_Description of the task_
What you return must match the data below exactly, minus any pictures.

_Supplied data_
== Segment start ==

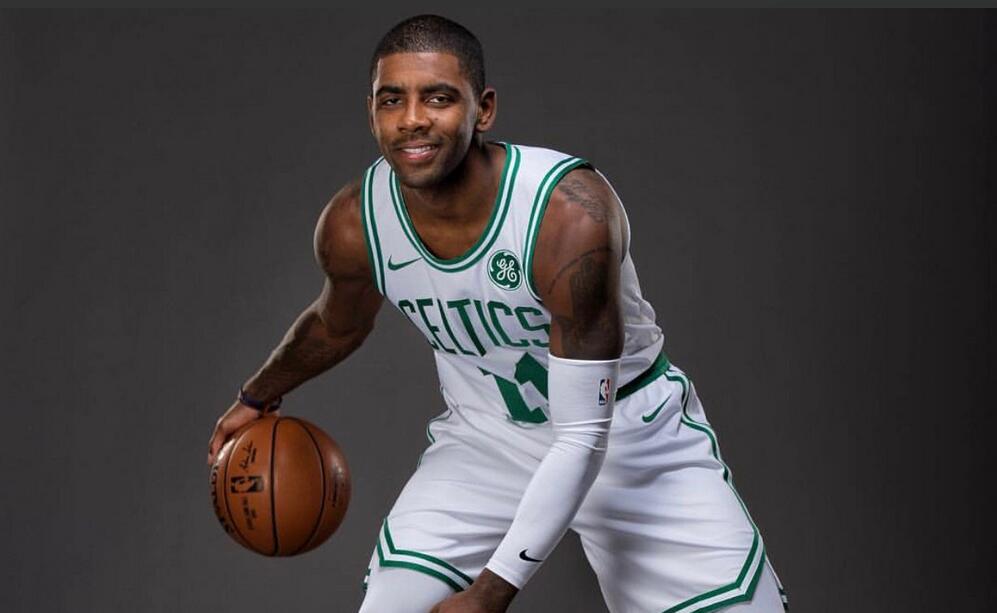 梅西曾被瓜迪奥拉安排踢陌生位置！他不断适应和学习，变得更强！（瓜帅曾让梅西改打陌生位置，他在适应与学习中愈发强大！）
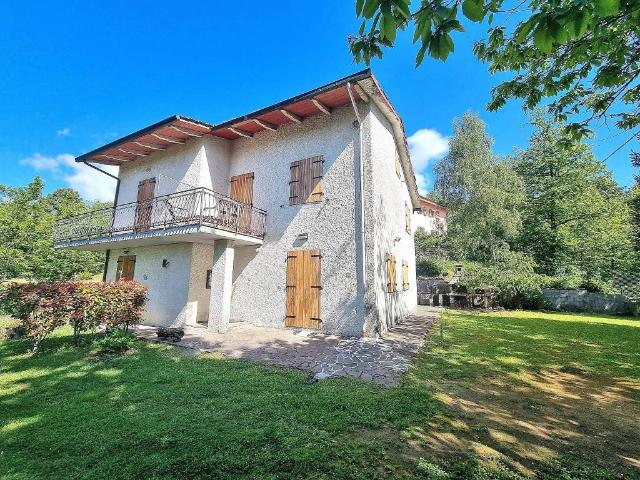 Villa Schiera in vendita a Marliana, Toscana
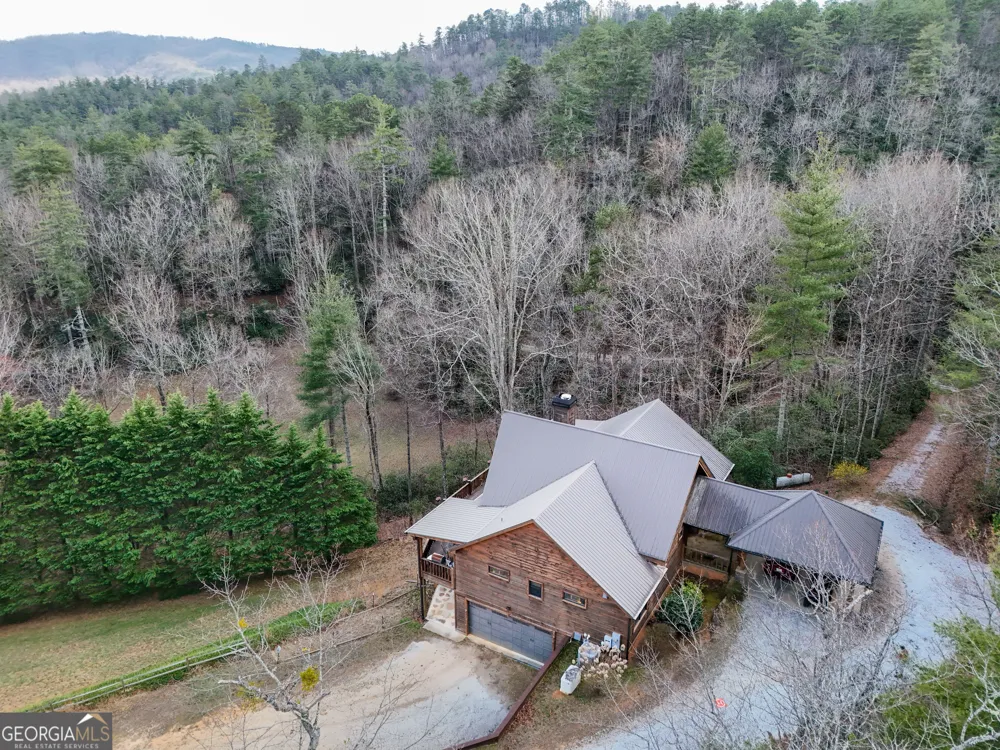 5232 CROW CREEK RD Lakemont, GA 30552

== Segment end ==

_Response to the exercise_
 梅西曾被瓜迪奥拉安排踢陌生位置！他不断适应和学习，变得更强！（瓜帅曾让梅西改打陌生位置，他在适应与学习中愈发强大！）
 Villa Schiera in vendita a Marliana, Toscana
 5232 CROW CREEK RD Lakemont, GA 30552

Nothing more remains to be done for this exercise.